RAF’s big farewell for Black war hero

Marc Wadsworth

Military chiefs, Black Second World and other veterans, celebrities, friends and neighbours were among hundreds of mourners who joined a final farewell to one of the last “pilots of the Caribbean” at a moving Royal Airforce church ceremony in central London UK on May 25.

Flight Sergeant Peter Brown, died alone just before Christmas, aged 96, at the home he had lived at in Warrington Crescent, Maida Vale, London, for 50 years.

Born in Jamaica in 1926, he joined as an RAF reserve in 1943 and trained as a wireless operator and air gunner. He flew with five Lancaster bomber missions in Tripoli, Egypt and Malta before leaving in 1950.

Brown’s coffin was brought into the church clad in the Union Flag with Edward Elgar’s Nimrod playing.

The full military send-off at 1,000-year-old Sir Christopher Wren-designed St Clement Danes Church, had to be booked after a much smaller council-funded crematorium service in Mortlake, Surrey, was judged not large enough to hold the expected crowd.

This came about after it was reported in the media the airman had died at home, with no friends or family in touch with him and was due to be given a so-called “pauper’s funeral” without full military honours.

News media followed up on the heartbreaking story that won national attention, leading to prime minister Rishi Sunak among those people calling for a fitting service, because of Brown's wartime service.

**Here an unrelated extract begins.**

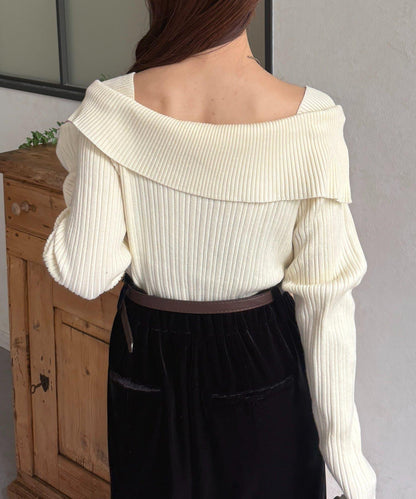 一字肩風格方領羅紋針織衫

Ronald Andrew Lisk-Carew, who is from Sierra Leone and served in the RAF after the war, attended. He said:"In the belief that there is life after death, I can imagine Flight Sergeant Peter Brown looking down in pride at the honour that was bestowed upon him on May 25 in what can only be described as a phenomenal farewell service.
Several eloquent tributes were delivered and there was a heartwarming performance by army veteran soloist singer Maurillia Simpson accompanied by Chris Hatt.

Simpson – who did three tours of Iraq and is now in a wheelchair after being injured in an accident – said she was pleased to see “female veterans like myself and who look like me here today”.

She sang a song about sparrows and recalled her own experience of war, adding: “That song is the only thing that kept me alive when I was blown up in Iraq."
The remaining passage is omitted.